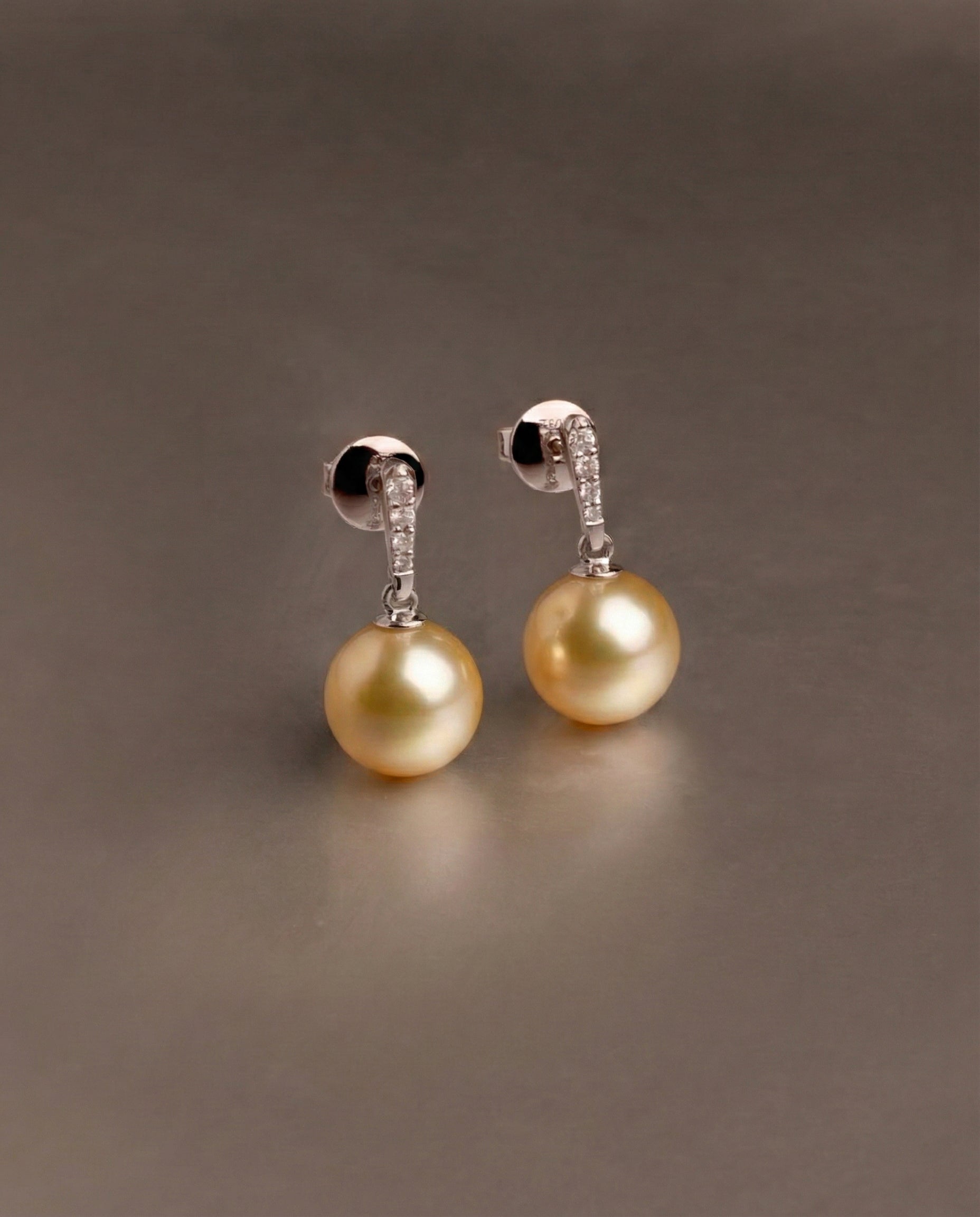 Pendientes Alyssa Perlas Mar del Sur doradas Oro 18k SY Perlas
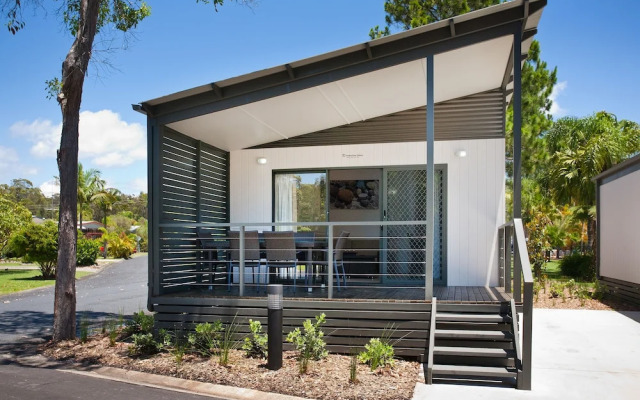 Gateway Lifestyle Lorikeet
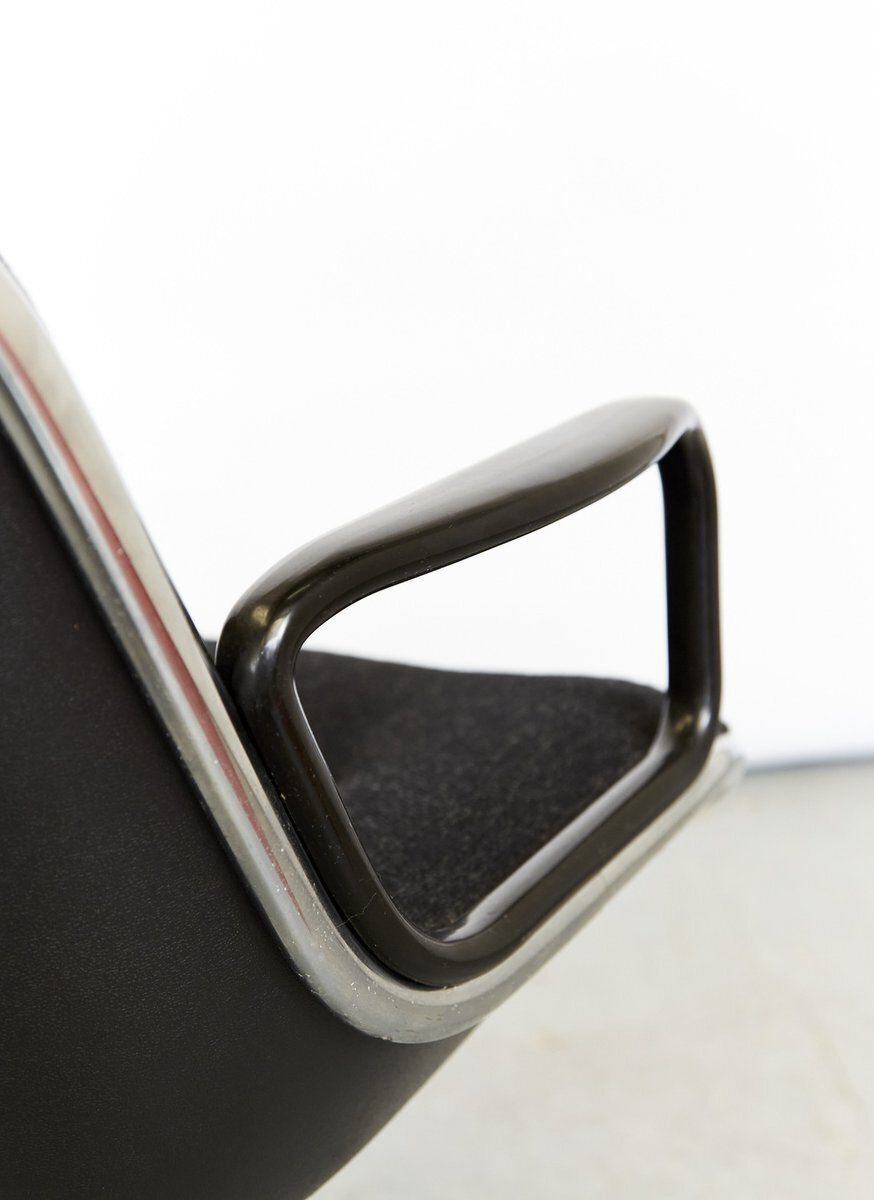 Furniture Executive Swivel Chair By Charles Pollock For Knoll International, 1960s photo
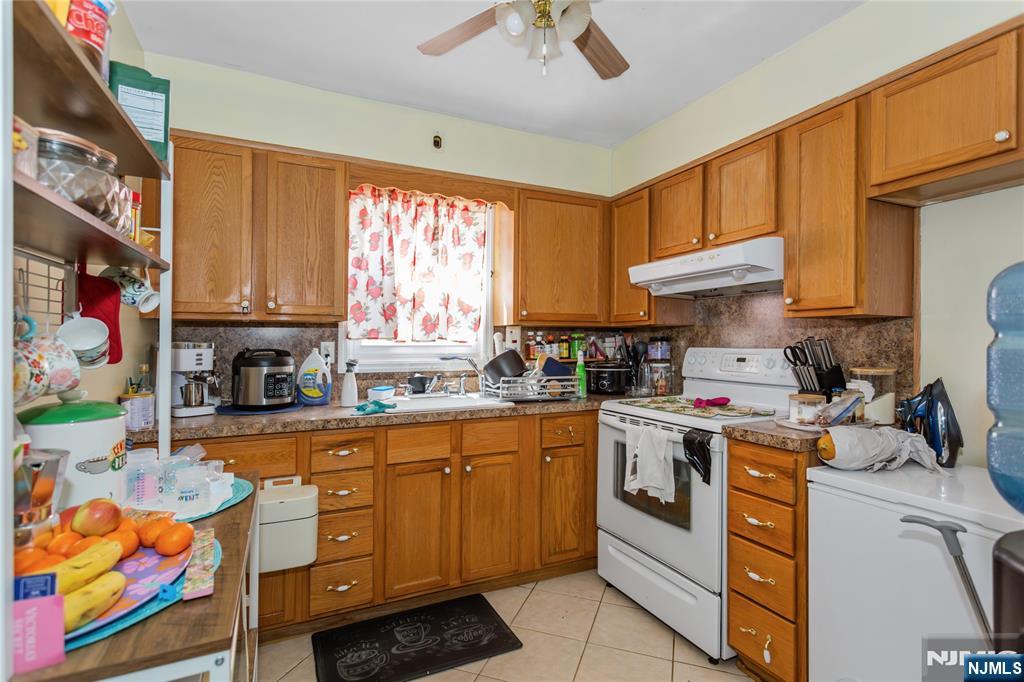 Homes for sale in Harrison, NJ | 1 Kingsland Ave, Harrison, NJ 07029 | MLS# 25013591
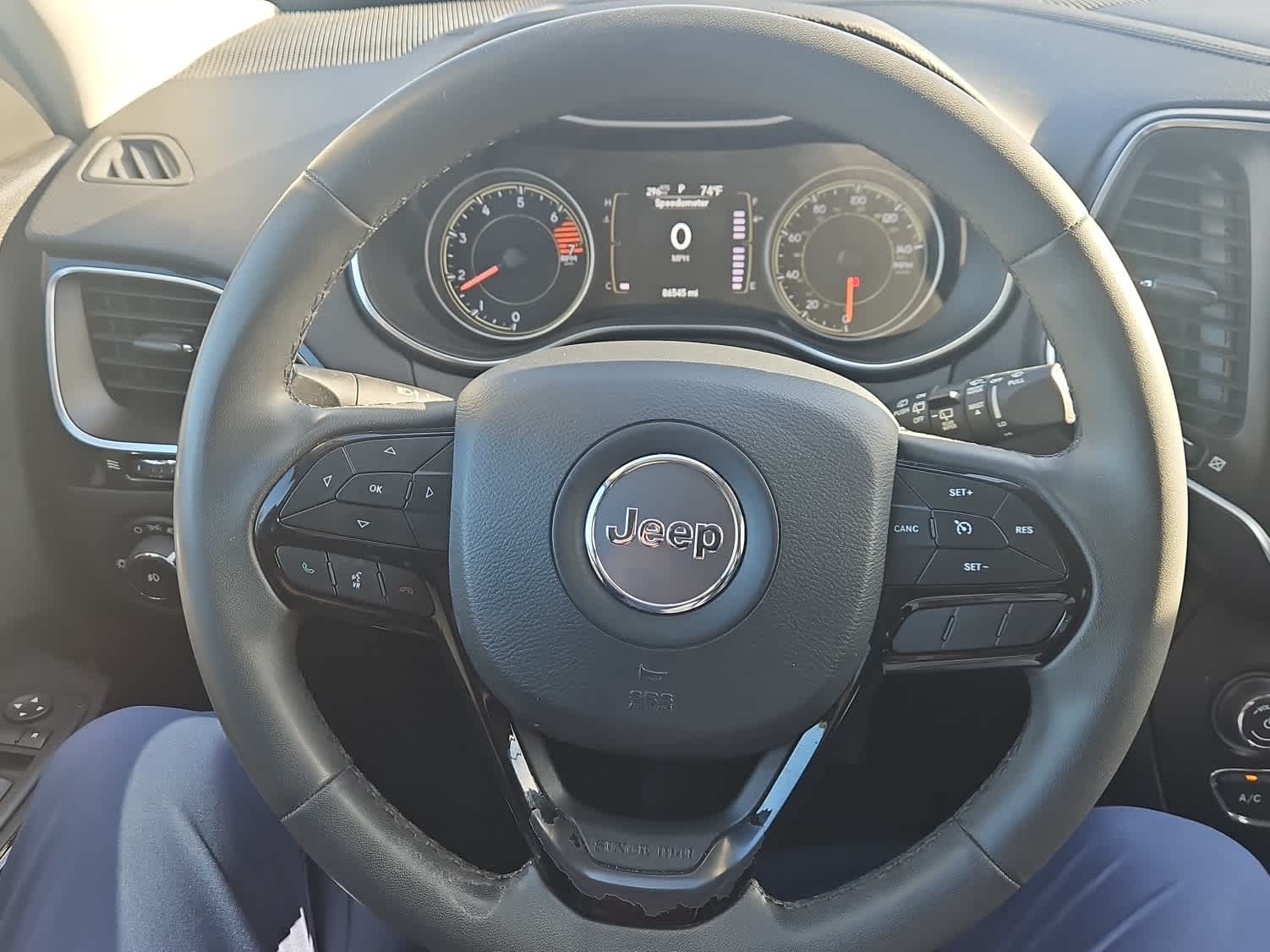 Thumbnail: 2020 Jeep Cherokee - 15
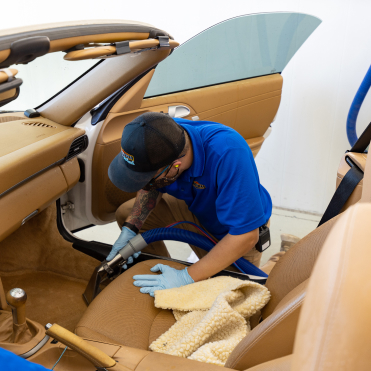 Zenetec Interior Detailing Employee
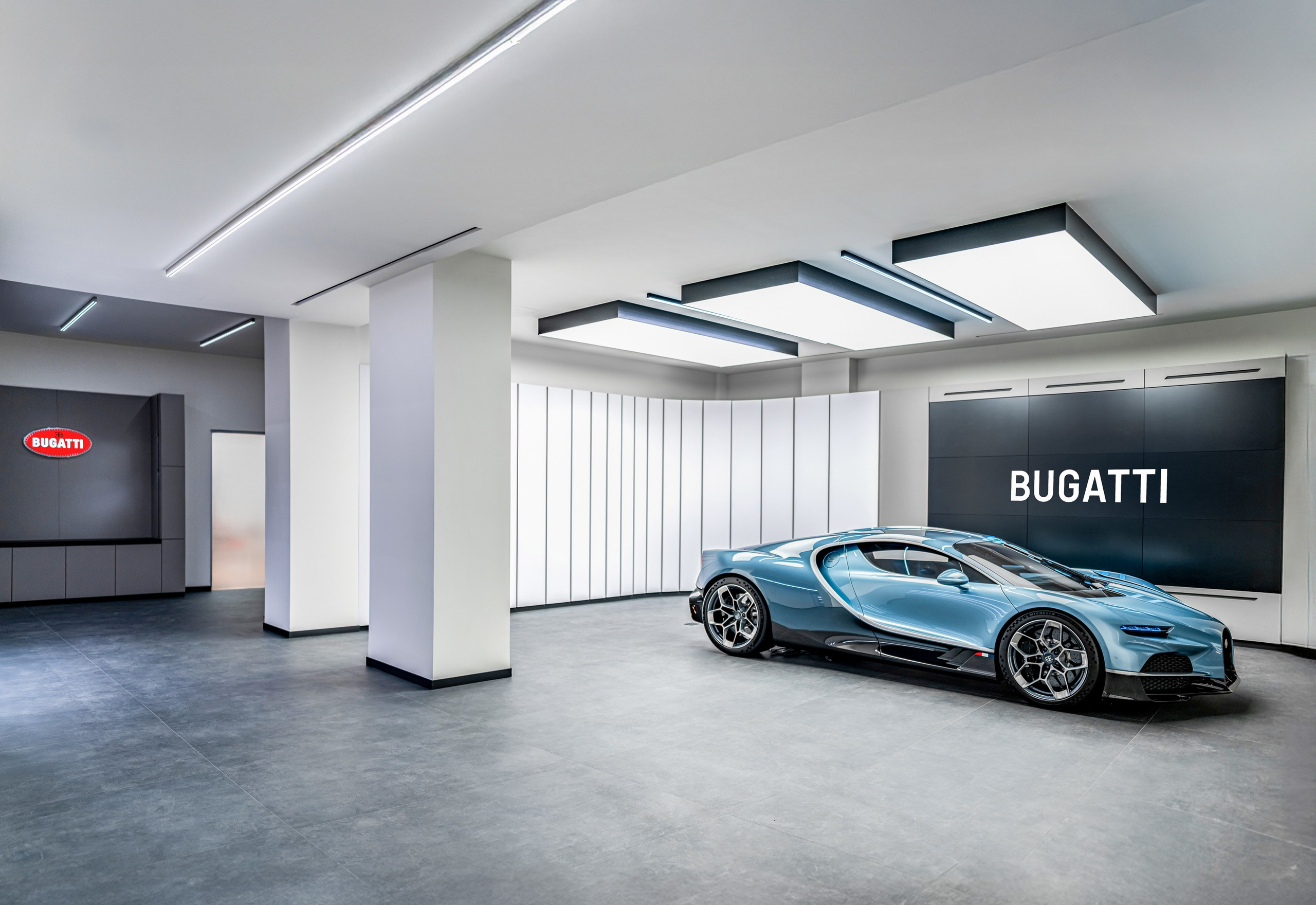BUGATTI. WORLDWIDE COMMERCIAL AUTOMOTIVE PHOTOGRAPHER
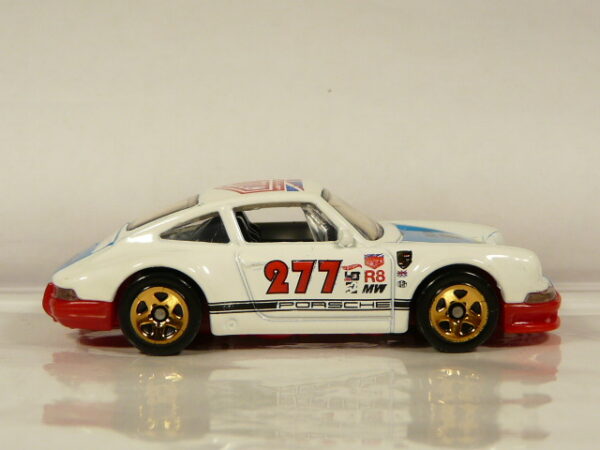 COCHE COUPE CLASICO DE SEGUNDA MANO SIN SEÑALES DE USO Y BUEN ESTADO GENERAL A ESCALA APROXIMADA 1/64.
--------------------------------
== ASSIGNMENT ==
Copy nothing but the lines from the start of the entries through the line with "Zenetec Interior Detailing Employee". Write them out exactly, without pictures.

== EXERCISE RESULT ==
 Pendientes Alyssa Perlas Mar del Sur doradas Oro 18k SY Perlas
 Gateway Lifestyle Lorikeet
 Furniture Executive Swivel Chair By Charles Pollock For Knoll International, 1960s photo
 Homes for sale in Harrison, NJ | 1 Kingsland Ave, Harrison, NJ 07029 | MLS# 25013591
 Thumbnail: 2020 Jeep Cherokee - 15
 Zenetec Interior Detailing Employee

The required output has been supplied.